Largest Rectangle in a Histogram
Time Limit: 2000/1000 MS (Java/Others) Memory Limit: 65536/32768 K (Java/Others)
Total Submission(s): 22361 Accepted Submission(s): 6925
Problem Description
A histogram is a polygon composed of a sequence of rectangles aligned at a common base line. The rectangles have equal widths but may have different heights. For example, the figure on the left shows the histogram that consists of rectangles with the heights 2, 1, 4, 5, 1, 3, 3, measured in units where 1 is the width of the rectangles:
Usually, histograms are used to represent discrete distributions, e.g., the frequencies of characters in texts.
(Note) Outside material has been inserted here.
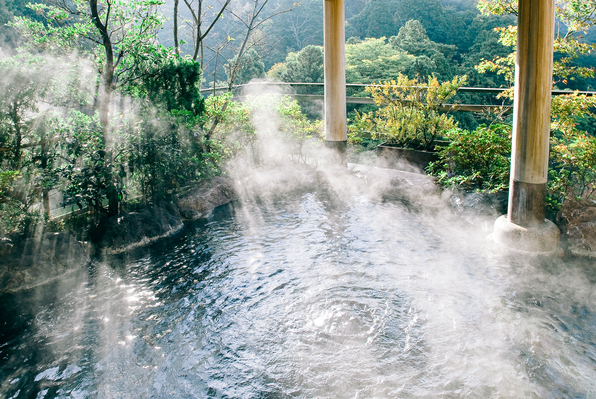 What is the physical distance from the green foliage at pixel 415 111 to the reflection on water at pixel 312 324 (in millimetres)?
3337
Note that the order of the rectangles, i.e., their heights, is important. Calculate the area of the largest rectangle in a histogram that is aligned at the common base line, too. The figure on the right shows the largest aligned rectangle for the depicted histogram.
Input
The input contains several test cases. Each test case describes a histogram and starts with an integer n, denoting the number of rectangles it is composed of. You may assume that 1 <= n <= 100000. Then follow n integers h1, ..., hn, where 0 <= hi <= 1000000000. These numbers denote the heights of the rectangles of the histogram in left-to-right order. The width of each rectangle is 1. A zero follows the input for the last test case.
Output
For each test case output on a single line the area of the largest rectangle in the specified histogram. Remember that this rectangle must be aligned at the common base line.
Sample Input
7 2 1 4 5 1 3 3 4 1000 1000 1000 1000 0
Sample Output
8 4000
单调栈:
/*
题意:给定n个宽度为1的矩形,求最大矩形面积
思路:单调栈维护左右值,出栈时计算 max{(r[i]-l[i])*h[i]}
*/
#include<bits/stdc++.h>
using namespace std;
const int maxn=1e5+10;
long long r[maxn],l[maxn],h[maxn],sta[maxn],top;
int main(){
long long n,x;
while(~scanf("%lld",&n)){
long long maxx=0;
if(n==0) break;
top=0;
for(int i=0;i<n;i++){
scanf("%lld",&x);
if(top==0){
sta[top]=x;
l[top]=i;
r[top]=i+1;
top++;
}else if(top && sta[top-1] > x){
while(top && sta[top-1] > x){
maxx=max(sta[top-1]*(r[top-1]-l[top-1]),maxx);
top--;
r[top-1]=r[top];
}
sta[top]=x;
r[top++]=i+1;
}else{
sta[top]=x;
l[top]=i;
r[top++]=i+1;
}
}
while(top){
maxx=max(sta[top-1]*(r[top-1]-l[top-1]),maxx);
top--;
r[top-1]=r[top];
}
printf("%lld\n",maxx);
}
}笛卡尔树:
/*
hdu1506
Sample Input
7 2 1 4 5 1 3 3
4 1000 1000 1000 1000
0
Sample Output
8
4000
思路:笛卡尔树,维护小顶堆,计算 max{ 树 大 小 * h } ,注意long long
*/
#include<bits/stdc++.h>
using namespace std;
const int maxn=1e5+10;
int h[maxn],l[maxn],r[maxn],pre[maxn],sta[maxn];
int n;
long long ans;
int build(){
int top=0;
for(int i=1;i<=n;i++){
while(top && h[sta[top-1]]>h[i]) top--;
if(!top){
int t=sta[0];
pre[t]=i;
l[i]=t;
}else{
int t=sta[top-1];
if(r[t]){
l[i]=r[t];
pre[r[t]]=i;
}
pre[i]=t;
r[t]=i;
}
sta[top++]=i;
}
return sta[0];
}
int dfs(int x){
if(x==0) return 0;
int num = dfs(r[x])+dfs(l[x])+1;
long long tmp=(long long)num*h[x]; //乘法溢出
ans=max(ans,tmp);
return num;
}
int main(){
while(~scanf("%d",&n)){
memset(r,0,sizeof r); //这初始化有点难受
memset(l,0,sizeof l);
memset(pre,0,sizeof pre);
memset(sta,0,sizeof sta);
memset(h,0,sizeof h);
if(n==0) break;
for(int i=1;i<=n;i++){
scanf("%d",&h[i]);
}
int t=build();
ans=0;
dfs(t);
printf("%lld\n",ans);
}
}